11. Further the Hon’ble Karnataka in the case of CIT Vs. M/s. M.Pact Technology Services Pvt. Ltd. in ITA No.228/2013 order dated 11.7.2018 had to deal with admissibility of the following substantial question of law in an appeal by the Revenue u/s.260A of the Act :-
“5. Whether the Tribunal is correct in law in not adjudicating the main issue of applicability of provisions of section 40(a)(ia) in respect of disallowance of sub-contracting chares of RS.16,21,851/- made by assessing authority on the ground that the assessee had failed to deduct tax at source under section 194C of I.T. Act?
6. Whether the Tribunal is justified in law in directing the assessing authority to allow deduction under section 10A in respect of amount disallowed under section 40(a)(ia) without appreciating the fact that the income enhanced on account of deeming provisions cannot be considered for the purpose of claiming benefit under the provisions of section 10A?”
12. The Hon’ble Karnataka High Court held as follows:
“5. In so far as the substantial question of law Nos.5 and 6 are concerned, learned counsel for the Revenue submitted that the ITAT in its Order dated 21.12.2012 has recorded the findings, the relevant portion of which is extracted below for ready reference:-
14. Having heard both the parties and having considered their rival contentions, we find that the disallowance u/s 40a (ia) is to be made of the expenses incurred and claimed by the assessee but before the payment of which, the assessee has failed to deduct tax at source. The genuineness of the expenditure is not in dispute. The dispute is whether TDS was to be made before making the payment. Without going into the nature of the transaction, we are inclined to accept the alternate plea of the assessee that the disallowance of the expenditure would automatically enhance the taxable income of the assessee and the assessee is eligible for the deduction u/s 10A of the Income-tax Act on the enhanced income. Thus, this ground of appeal is allowed”.
6. The relevant portion of the Circular No.37/2016 dated 02.11.2016 issued by the Central Board of Direct Taxes, Department of Revenue, Ministry of Finance, Government of India, relating to the subject: Chapter VI-A deduction on enhanced profits, is quoted hereunder:
“The issue of the claim of higher education on the enhanced profits has been a contentious one.
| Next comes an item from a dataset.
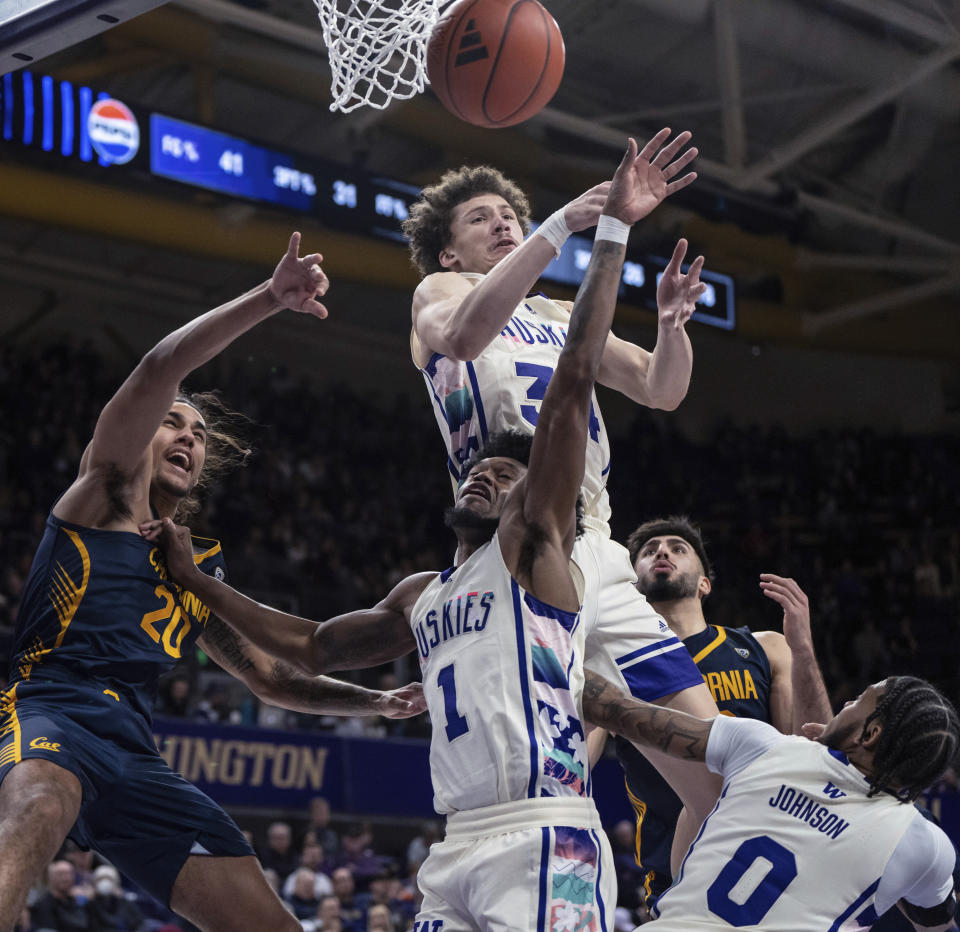 Washington center Braxton Meah, top middle, forward Keion Brooks Jr. (1) and guard Koren Johnson (0) work against California guard Jaylon Tyson, left, and forward Fardaws Aimaq, second from right, for a rebound during the second half of an NCAA college basketball game Saturday, Feb. 17, 2024, in Seattle. California won 82-80. (AP Photo/Stephen Brashear)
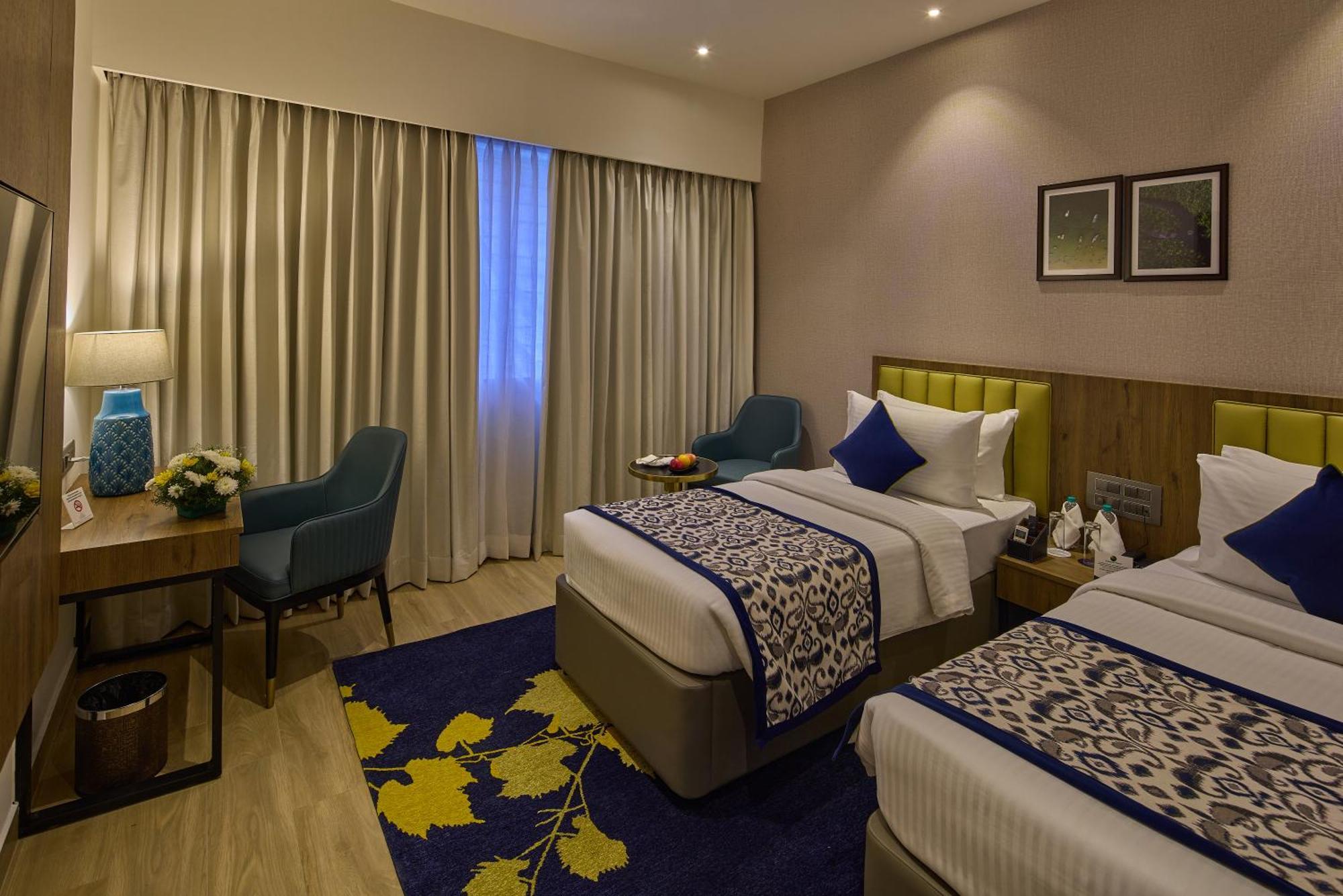 העיר בנגלור Grand Continent Hebbal A Sarovar Portico Affiliate Hotel מראה חיצוני תמונה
However, the courts have generally held that if the expenditure disallowed is related to the business activity against which the Chapter VI-A deduction has been claimed, the deduction needs to be allowed on the enhanced profits. Some illustrative cases upholding this view are as follows:
[i] If an expenditure incurred by assessee for the purpose of developing a housing project was not allowable on account of non-deduction of TDS under law, such disallowance would ultimately increase assessee’s profits from business of developing housing project. The ultimate profits of assessee after adjusting disallowance under section 40[a][ia] of the Act would qualify for deduction under section 80IB of the Act. This view was taken by the courts in the following cases:
[a] Income-tax Officer-Ward 5 vs. Keval Construction, Tax Appeal No.443 of 2012, December 10 2012, Gujarat High Court
[b] Commissioner of Income-tax-IV, Nagpur vs. Sunil Vishwambharnath Tiwari, IT Appeal No.2 of 2011, September 11 2015, Bombay High Court
[ii] If deduction under section 40A of the Act is not allowed, the same would have to be added to the profits of the undertaking on which the assessee would be entitled for deduction under section 80-IB of the Act.”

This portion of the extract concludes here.